RAW DATA:

*** Block opens ***

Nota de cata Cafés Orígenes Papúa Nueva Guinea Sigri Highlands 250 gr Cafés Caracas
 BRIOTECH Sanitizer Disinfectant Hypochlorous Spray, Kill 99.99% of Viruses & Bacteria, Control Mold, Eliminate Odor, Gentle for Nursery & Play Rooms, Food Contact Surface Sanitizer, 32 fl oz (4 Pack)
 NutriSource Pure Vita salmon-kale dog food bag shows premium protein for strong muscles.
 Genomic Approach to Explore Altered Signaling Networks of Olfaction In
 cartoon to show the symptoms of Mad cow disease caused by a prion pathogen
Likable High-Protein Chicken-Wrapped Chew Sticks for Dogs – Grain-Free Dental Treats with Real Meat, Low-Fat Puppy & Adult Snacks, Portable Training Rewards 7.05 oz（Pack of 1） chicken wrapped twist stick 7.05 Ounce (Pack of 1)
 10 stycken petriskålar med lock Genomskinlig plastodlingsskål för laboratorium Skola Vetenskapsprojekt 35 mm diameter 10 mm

*** Block closes ***

Output exactly the span of lines beginning at the first line of the records and ending at the line that holds "cartoon to show", inclusive, with no other text.

Nota de cata Cafés Orígenes Papúa Nueva Guinea Sigri Highlands 250 gr Cafés Caracas
 BRIOTECH Sanitizer Disinfectant Hypochlorous Spray, Kill 99.99% of Viruses & Bacteria, Control Mold, Eliminate Odor, Gentle for Nursery & Play Rooms, Food Contact Surface Sanitizer, 32 fl oz (4 Pack)
 NutriSource Pure Vita salmon-kale dog food bag shows premium protein for strong muscles.
 Genomic Approach to Explore Altered Signaling Networks of Olfaction In
 cartoon to show the symptoms of Mad cow disease caused by a prion pathogen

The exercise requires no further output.